For APAS patients with RPL, tests for anticardiolipin antibodies and lupus anticoagulant should be included. Treatment should include low-dose aspirin (LDA, 81–100 mg/d) plus prophylactic low-molecular-weight heparin in otherwise healthy women without a history of of a systemic autoimmune disease such as systemic lupus erythematosus, or a history of thrombosis. Low dose aspirin
should be started before conception or with a positive pregnancy test. Heparin treatment should be started with a positive pregnancy test.36 Heparin is a large complex of molecules that do not cross the placenta and, as such, is regarded as safe during pregnancy.
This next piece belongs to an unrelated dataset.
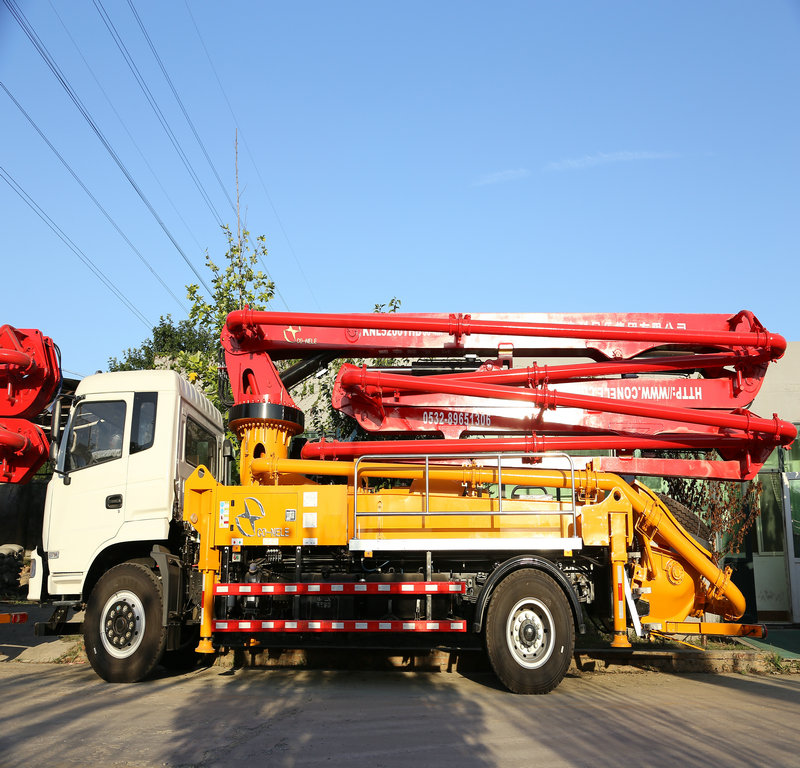 小型混凝土泵車，混凝土泵車，天泵，小型泵車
For endocrine evaluation, prolactin levels can be tested three hours from waking up, thyroid hormones without any preparation. For women with elevated prolactin levels, called hyperprolactinemia and RPL, treatment with drugs like bromocriptine 2.5–5 mg/day until 9th week of gestation, significantly decreased miscarriage rates compared to no treatment.37
For cases of Polycystic ovary, the diagnosis is clinched with the presence of two out of three criteria: 1. irregular menses, 2. evidence of high levels of testosterone like hirsutism, acne or elevated testosterone hormone level; 3. Polycystic ovaries by ultrasound. Therapy involves weight management, when overweight or obese, and giving with insulin sensitizing drugs like metformin, and progesterone treatment. Other relevant tests may be a Thyroid-stimulating Hormone evaluation, Anti-Mullerian hormone evaluation to check for ovarian reserve, serum prolactin in patients with irregular menses, anti-thyroid antibody testing and endometrial biopsy when indicated, to evaluation luteal phase defects.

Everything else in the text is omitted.